Wayne Shorter (Pfalzbau Ludwigshafen, Enjoy Jazz 2011)

Wayne Shorter (Pfalzbau Ludwigshafen, Enjoy Jazz 2011) © Daniel Nagel

Der manchmal unnahbare, enigmatische Saxophonist Wayne Shorter präsentierte sich bei Enjoy Jazz in glänzender Form. Seine Leidenschaft übertrug sich sowohl auf seine Band, als auch auf das Publikum.

{image}Wayne Shorter ist ein eher verschlossener Künstler, der wenig spricht und bevorzugt durch seine Musik mit dem Publikum kommuniziert. In seltenen Fällen, wie bei seinem Auftritt bei Enjoy Jazz vor 5 Jahren, ist diese aber ebenfalls so unnahbar, dass man sich als Zuschauer ausgeschlossen fühlt aus der hermetischen Welt des fast achtzigjährigen Wayne Shorter. Glücklicherweise verlief der Auftritt beim diesjährigen Enjoy Jazz-Festival im erstaunlicherweise nicht ausverkauften Ludwigshafener Pfalzbau vollkommen anders.

{image}Wayne Shorter trat wie in den vergangenen Jahren mit seinem Quartett, bestehend aus Schlagzeuger Brian Blade, Bassist John Patitucci und Pianist Danilo Pérez auf. Von einer Band, die seit so vielen Jahren zusammenspielt, erwartet man gegenseitige Empathie und ein intuitives Verständnis untereinander. Im Gegensatz zum Auftritt des Jahres 2006, wurden diese Erwartungen vollkommen erfüllt. Die Band eröffnet das Konzert mit einer mehr als halbstündigen Komposition, die wie die Mehrzahl der aufgeführten Stücke neu oder zumindest unveröffentlicht war.

Aus einem düsteren und geheimnisvollen Beginn, der von den tiefen Registern dominiert wird, entwickelt sich ein lebhafter Austausch, der von einem überaus präsenten Shorter gelenkt wird. Die Musik folgt nicht dem Thema-Solo-Schema, sondern bildet einen kontinuierlichen Fluss, in dessen Verlauf stets neue Aspekte erschlossen werden. Wie so häufig spielt Shorter kurze Motive, reißt dann abrupt das Saxophon vom Mund und folgt der Musik, wartet auf den nächsten Moment des Einstiegs. Manchmal folgt dieser gleich im Anschluss, aber gelegentlich vergehen Minuten, in denen Shorter aussetzt und der Musik des Trios freien Lauf lässt. Und dann plötzlich schaltet sich Shorter wieder ein, übernimmt das Kommando und die Musik entwickelt sich zwanglos und folgerichtig.

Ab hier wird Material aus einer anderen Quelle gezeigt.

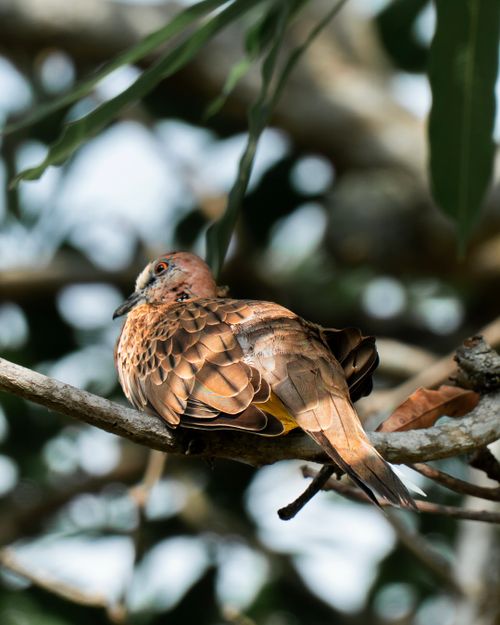 Free Close-up of a Spotted Dove resting on a tree branch in a natural setting. Stock Photo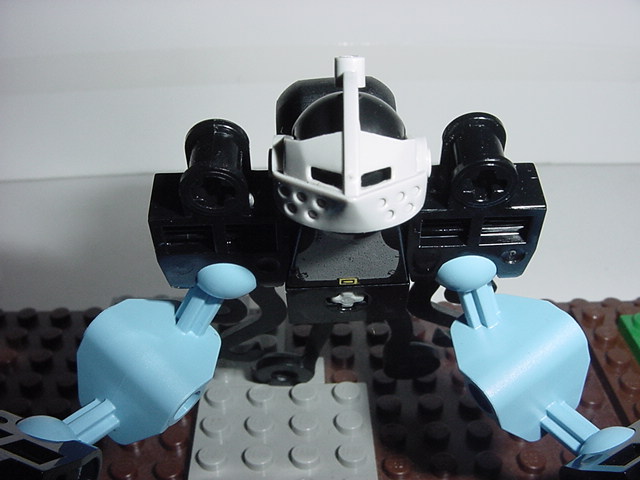 dsc00013.jpg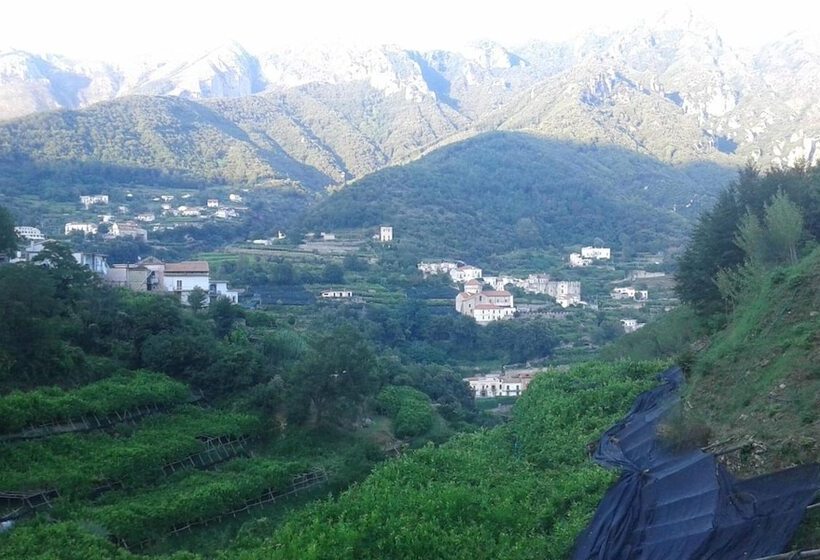 פנסיון Villa Bianca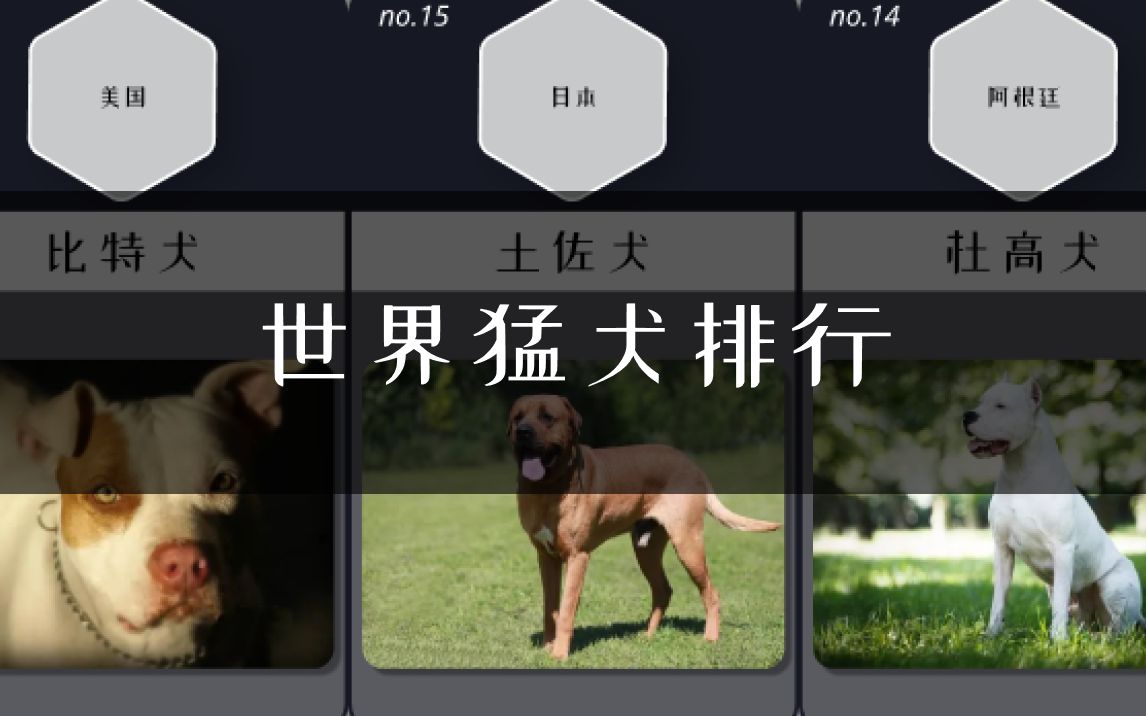 世界猛犬排行,我们熟知的它居然稳居第一!?哔哩哔哩bilibili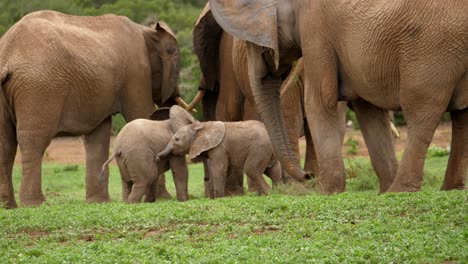 two small baby african elephants playfully nudge each other under the watchful eye of the huge adult elephants surrounding them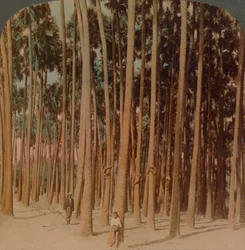 Toddy palms 100 ft。100 ft。、Pagan、Burma、1907。アーティスト：Elmer Underwood、Bert Elias Underwood。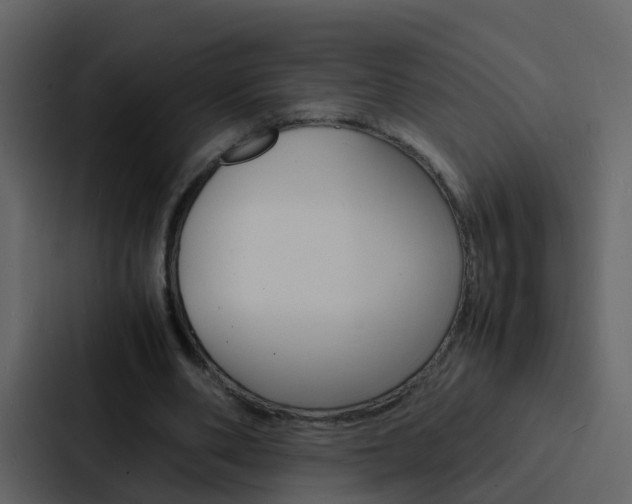 X0000088130486200705141000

{image}Miles Davis, in dessen zweiten klassischen Quintet Wayne Shorter spielte, vermochte ebenfalls seinen Musikern Raum zu lassen – und Shorter scheint diese Herangehensweise adaptiert und verinnerlicht zu haben. Blade, Patitucci und Pérez haben sich mit der enigmatischen Präsenz des Saxophonisten hervorragend arrangiert. Obwohl sie problemlos in der Lage sind, als Trio zu überzeugen, profitieren sie von einem gut gelaunten und leidenschaftlichen Shorter. Besonders Brian Blade blüht förmlich auf, zeigt seine ganze Vielseitigkeit, besonders aber seine wilde, ausgelassene Dynamik. Die Musiker haben sichtlich Spaß und die exzellente Stimmung auf der Bühne überträgt sich auf das euphorisch applaudierende Publikum.

In vielerlei Hinsicht liefert die Rhythmik den Schlüssel zum Verständnis des Auftritts. Die Musik beschreitet viele Wege im Lauf des Abends. Sie reichen von sanften, lyrischen Momenten bis zum ekstatischen Höhepunkt. Was aber auch immer geschieht, es folgt einem steten Puls, der allem zugrundeliegt. Überraschende Wendungen, Dynamikvariationen, Wechsel zwischen Sopran- und Tenor-Sax, die lyrischen Harmonien von Pérez, alles das ist eingebettet in einen steten Strom der Musik, der sich langsam entfaltet, aber mit unerbittlicher Konsequenz dem Ziel zustrebt. Kein Wunder, dass die Zuschauer die Musiker nach Abschluss des eineinhalbstündigen Konzerts begeistert mit Standing Ovations feiern.